Pictures stay out; everything else in the records gets transcribed exactly.

#### DATA SHOWN ####

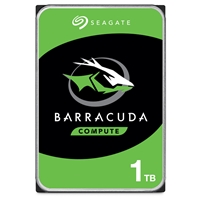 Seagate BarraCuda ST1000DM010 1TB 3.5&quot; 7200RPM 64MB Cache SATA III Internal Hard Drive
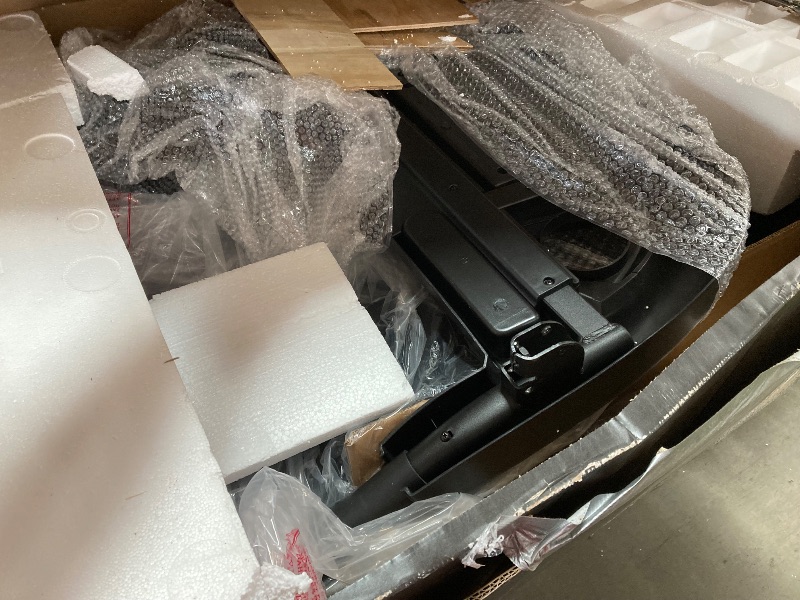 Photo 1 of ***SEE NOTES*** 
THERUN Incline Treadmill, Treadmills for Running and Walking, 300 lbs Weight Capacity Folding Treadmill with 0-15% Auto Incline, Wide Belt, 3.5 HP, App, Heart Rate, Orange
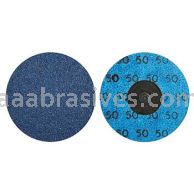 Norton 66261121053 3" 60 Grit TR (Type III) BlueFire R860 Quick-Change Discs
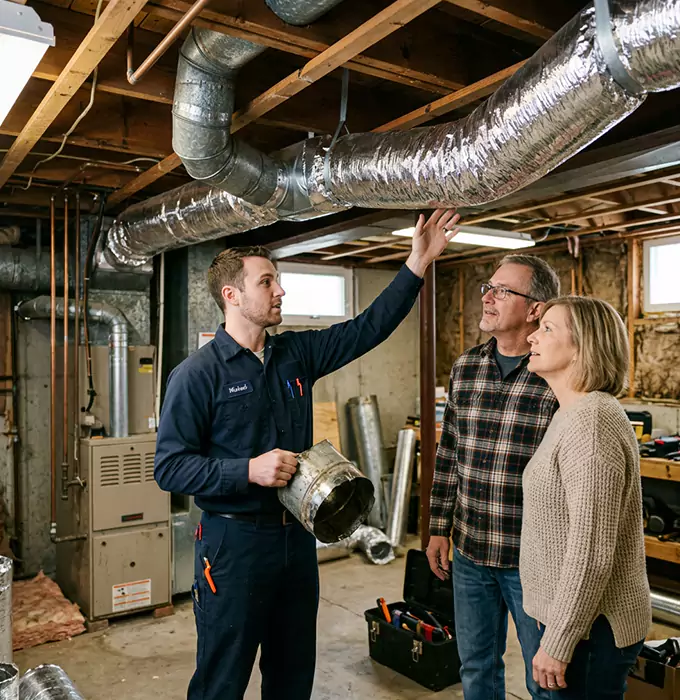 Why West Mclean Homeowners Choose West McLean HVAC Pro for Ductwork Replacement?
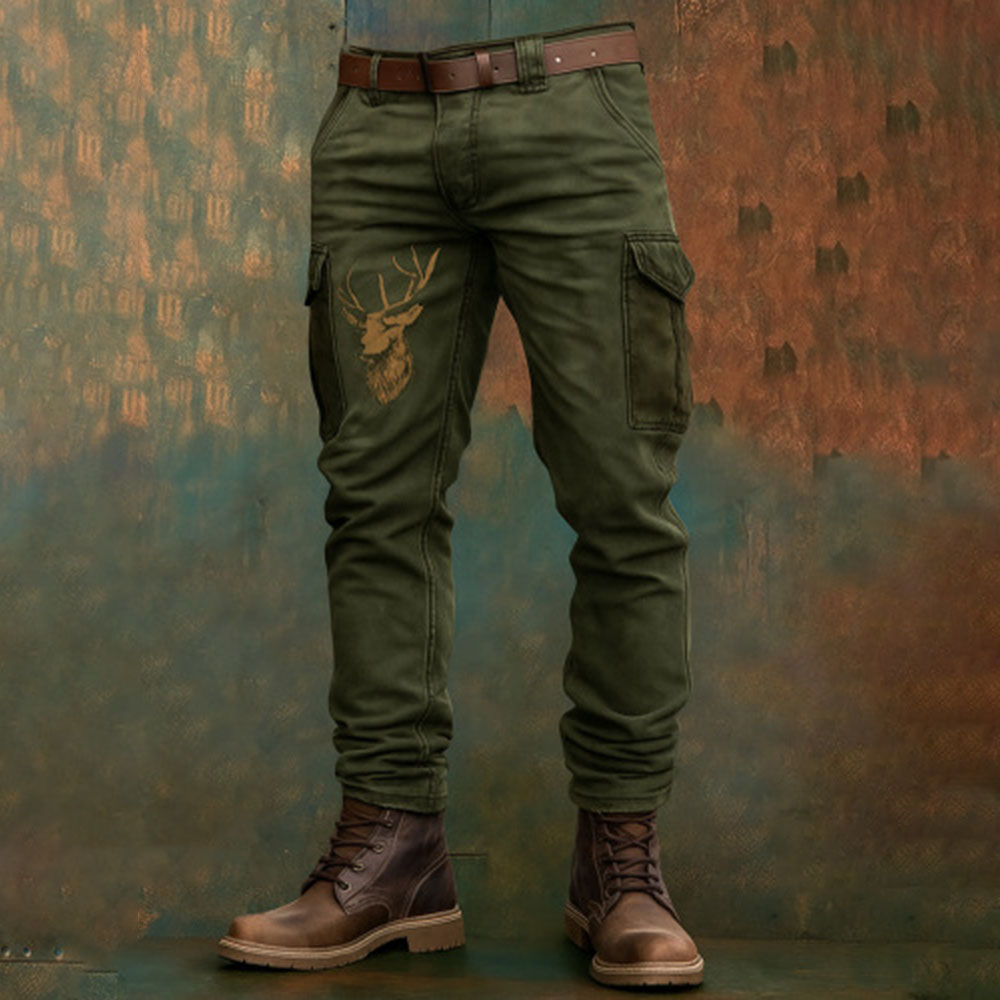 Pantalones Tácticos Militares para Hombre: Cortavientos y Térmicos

####

**WRITTEN ANSWER**
 Seagate BarraCuda ST1000DM010 1TB 3.5&quot; 7200RPM 64MB Cache SATA III Internal Hard Drive
 Photo 1 of ***SEE NOTES*** 
THERUN Incline Treadmill, Treadmills for Running and Walking, 300 lbs Weight Capacity Folding Treadmill with 0-15% Auto Incline, Wide Belt, 3.5 HP, App, Heart Rate, Orange
 Norton 66261121053 3" 60 Grit TR (Type III) BlueFire R860 Quick-Change Discs
 Why West Mclean Homeowners Choose West McLean HVAC Pro for Ductwork Replacement?
 Pantalones Tácticos Militares para Hombre: Cortavientos y Térmicos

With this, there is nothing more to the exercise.